* [Recorded data]:
--------------------------------
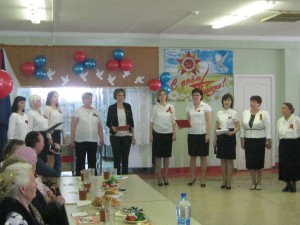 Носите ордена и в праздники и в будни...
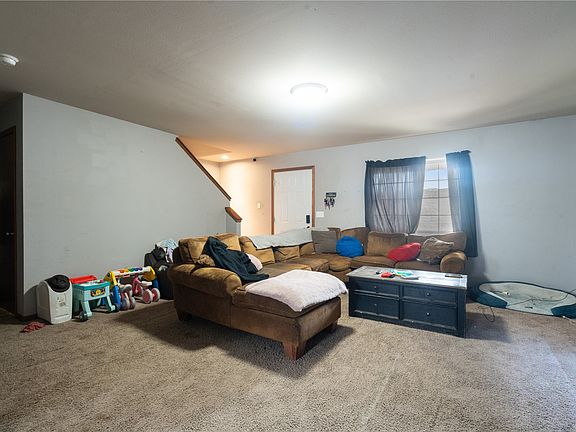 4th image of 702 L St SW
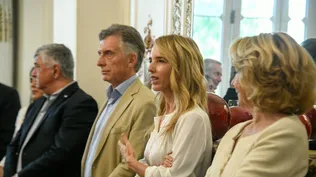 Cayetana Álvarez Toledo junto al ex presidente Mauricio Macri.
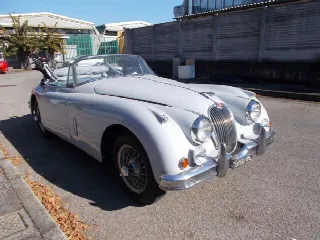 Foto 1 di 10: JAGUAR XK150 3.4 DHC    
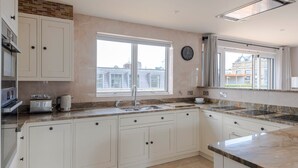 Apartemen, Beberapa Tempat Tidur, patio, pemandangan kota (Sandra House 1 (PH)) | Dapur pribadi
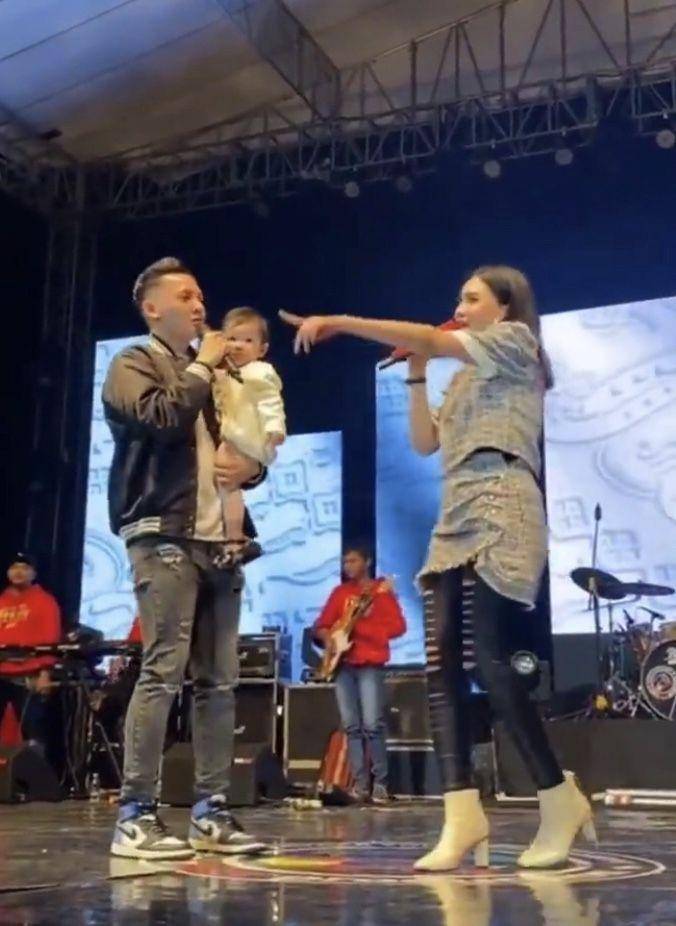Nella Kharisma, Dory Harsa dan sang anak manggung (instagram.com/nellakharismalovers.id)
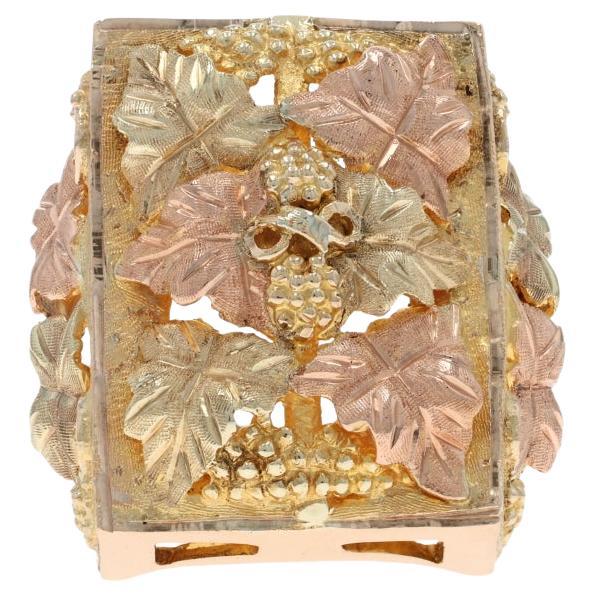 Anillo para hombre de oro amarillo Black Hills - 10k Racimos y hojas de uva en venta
--------------------------------
* [Aim of the task]: All entries must be output exactly as they stand, and every picture must be left out.

* [Task solution]:
 Носите ордена и в праздники и в будни...
 4th image of 702 L St SW
 Cayetana Álvarez Toledo junto al ex presidente Mauricio Macri.
 Foto 1 di 10: JAGUAR XK150 3.4 DHC    
 Apartemen, Beberapa Tempat Tidur, patio, pemandangan kota (Sandra House 1 (PH)) | Dapur pribadi
Nella Kharisma, Dory Harsa dan sang anak manggung (instagram.com/nellakharismalovers.id)
 Anillo para hombre de oro amarillo Black Hills - 10k Racimos y hojas de uva en venta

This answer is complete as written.